Il y a, dans notre société, une fascination tenace pour le vide érigé en dogme. Non plus un vide contemplatif, propice au silence ou à la rêverie, mais un vide muséifié, institutionnalisé, balisé par des flèches au sol, comme un itinéraire kafkaïen dans un palais où chaque salle serait une impasse. Ce vide n’est pas absence : il est désigné, revendiqué, vendu comme concept. On ne montre plus rien, mais on expose cette absence avec le faste d’un sacre, et on le fait payer cher, comme s’il s’agissait d’acheter un ticket pour contempler l’incompréhensible.

L’absurde est devenu la norme, mais il n’a plus la poésie du surréalisme ni la révolte du dadaïsme. Il est géré, institutionnalisé, mis en scène dans des espaces climatisés où l’on surveille les réactions du public avec la même attention que dans un bureau d’enregistrement des plaintes, où l’on coche les cases de l’indignation. Le moindre regard trop appuyé, trop ironique, peut être perçu comme une offense à la pensée critique. L’absurde, chez Kafka, étouffe l’homme ; ici, il l’invite à l’applaudir.

L’art contemporain, du moins celui qui s’exhibe dans ces temples blancs, ne montre plus le monde : il le désigne comme un symptôme. Tout est devenu prétexte à surinterprétation. Une pierre au sol ? Une métaphore du déclin occidental. Un carton froissé ? L’effondrement des récits. Un objet trouvé dans la rue ? Une critique de la consommation. Et si ce n’était que des objets, justement ? Si l’on avait perdu la capacité à simplement voir sans être pris en otage par un cartel explicatif ? Le monde devient texte, sans fin, à la manière du Procès où tout est codé mais rien n’est lisible.

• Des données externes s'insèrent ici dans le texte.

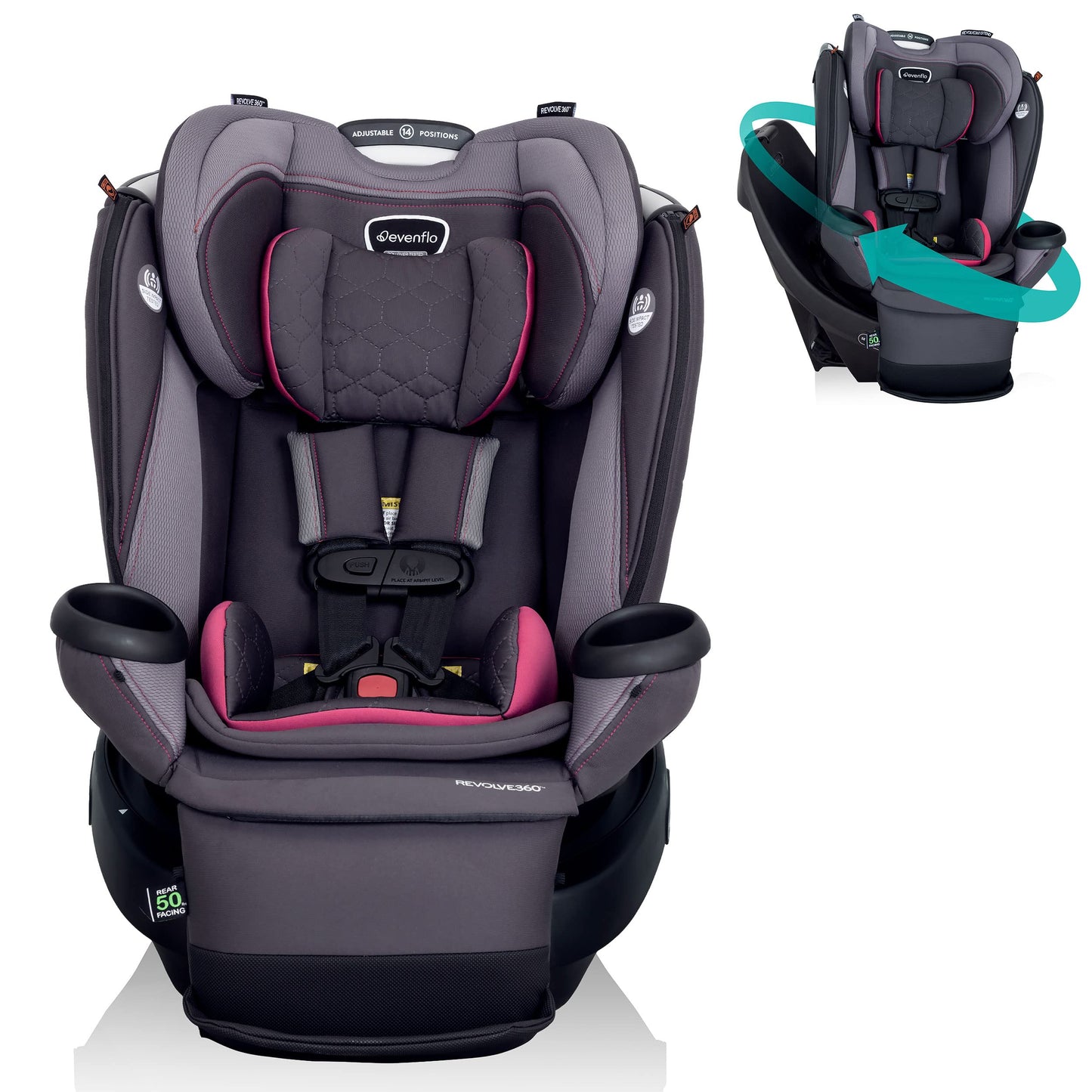 Evenflo Revolve360 Convertible Car Seat, Rowe Pink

Le regard moderne est guidé, contraint, soumis à la grammaire muséale. Il suit les flèches, respecte la distance, consomme les idées comme il consommerait des produits bio : avec le sentiment vaguement rassurant de faire partie d’une élite sensible. Mais cette sensibilité est rituelle, convenue, presque administrative. On ne ressent plus, on confirme avoir ressenti. Le sentiment vécu est remplacé par un compte-rendu de sentiment.

Ce que notre époque expulse avec détermination, c’est la sincérité du geste, l’ambiguïté du regard, le doute fertile. Là où l’art devait ébranler, il rassure. Il rassure par son conformisme radical, son audace prévisible, sa subversion apprivoisée. Même l’absurde, jadis insupportable, est devenu objet d’exposition, balisé, analysé, digéré. On l’a domestiqué. On a placé une vitrine entre lui et nous, comme un insecte rare à étudier sans jamais le toucher.

Nous vivons dans une esthétique de la procédure. Ce n’est plus l’objet qui compte, mais le fait qu’il ait été déposé ici, dans ce lieu sanctifié, par une main autoproclamée artiste. Et ce geste est suffisante justification. La démarche a remplacé l’œuvre. Le discours s’est substitué à l’expérience. Comme dans les arcanes kafkaïens, l’action réelle importe peu : ce qui compte, c’est le dossier qu’on ouvre à son sujet.

Ce que ce culte du vide révèle, c’est peut-être une fatigue collective. Fatigue de comprendre, de se confronter à la matière, au travail, à la lenteur. On préfère la fulgurance de l’idée, la légèreté du concept, l’effet de réflexion plutôt que le réflexe d’émotion. Le musée, dans ce contexte, devient un miroir où l’on ne cherche plus à voir autre chose que soi-même validé. L’accès est autorisé, le sens verrouillé.

Kafka, s’il nous regardait aujourd’hui, ne reconnaîtrait plus la topographie de l’absurde. Ce n’est plus le bureau, le tribunal, la bureaucratie tentaculaire. C’est le temple blanc, le socle vide, la parole trop pleine. C’est le monde où l’on expose des urinoirs pour mieux masquer l’impossibilité de créer encore un récit qui tienne debout. Le cauchemar administratif de Kafka a été remplacé par une liturgie esthétique à entrées multiples, mais sans sortie.

Et peut-être, justement, qu’il n’y a rien à raconter. Que le silence, désormais, est l’ultime provocation. Mais même ce silence-là, on l’encadrera. On le nommera. On l’expliquera. Jusqu’à ce qu’il se dissipe, avalé par la mécanique bien huilée de la parole creuse, comme un accusé qui n’a jamais su ce qu’on lui reprochait.